The mundane books included Stephen King’s The Stand about a post-apocalyptic America ravaged by plague, James Elroy’s The Big Nowhere, Curtis and Dianne Oberhansly’s Downwinders: an Atomic Tale and Elizabeth Wolff’s Out of the Blue in which the title says it all, in the latter case referring to both chance and to the source of truth in the sky. There is also a biography of Charles Lindbergh, a Scrabble dictionary and a Sherlock Holmes mystery. These books were clues that subtlety would not be a great strength in this movie. Mark Helprin’s Winter’s Tale, an updated version of the Moses story set in New York, seems to have some connection with the movie, but I would have to read Helprin’s book to figure it out.

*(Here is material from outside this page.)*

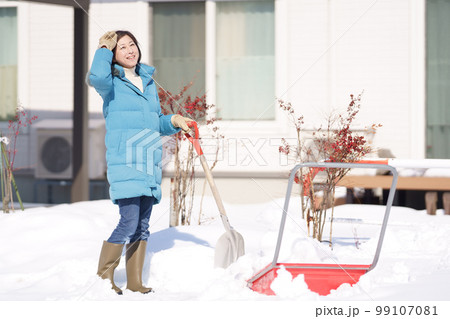 雪掻きする中年女性 雪掻きする中年女性 99107081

However, Herman Melville’s classic, Moby Dick, the story of Captain Ahab chasing a huge white whale, is also among Murph’s books. The novel begins, “Call me Ishmael.” Is Christopher Nolan, the director of Interstellar, the narrator, Ishmael, while Cooper is Ahab searching to find, not a spirit whale, but a habitable planet where the human spirit as well as body can survive and thrive? It is hard to say. For the film is syncretic, mixing and not always matching multiple sources and influences. I was sure one of the most important was Odysseus’ (in Latin, Ulysses) travels in the Odyssey and his ten-year effort to return home to Ithaca after the Trojan Wars. In a small way, perhaps. But there were too few parallels. In Interstellar, there are twelve ships that were driven off course just as in the Lazarus mission ten years before Cooper set off. Are the people on Earth the infamous lethargic lotus-eaters? Certainly multiple winds that Odysseus had in the leather bag given by Aeolus, the keeper of the winds, permeate the story.

However, there are no cannibals though the voyageurs are torn between Dr. Mann’s and Dr. Edmund’s planets, the Interstellar tale is actually far less fantastical than the narrative of the Scylla and the Charybdis. For this film is about science fiction, not science fantasy. Odysseus never meets the spirit of his own mother, but rather the real flesh and blood presence of his own daughter. He was the spirit. She was the real thing. It is Cooper’s daughter not Cooper himself whom the new colony of humans is named after. After all, the movie is about father-daughter love as an expression of quantum entanglement, the interaction of two particles that behave as one even though they may be light years apart. We no longer live in the mechanical industrial age but in a networked communicative age; this movie is surely an expression of my children’s and grandchildren’s era rather than my own.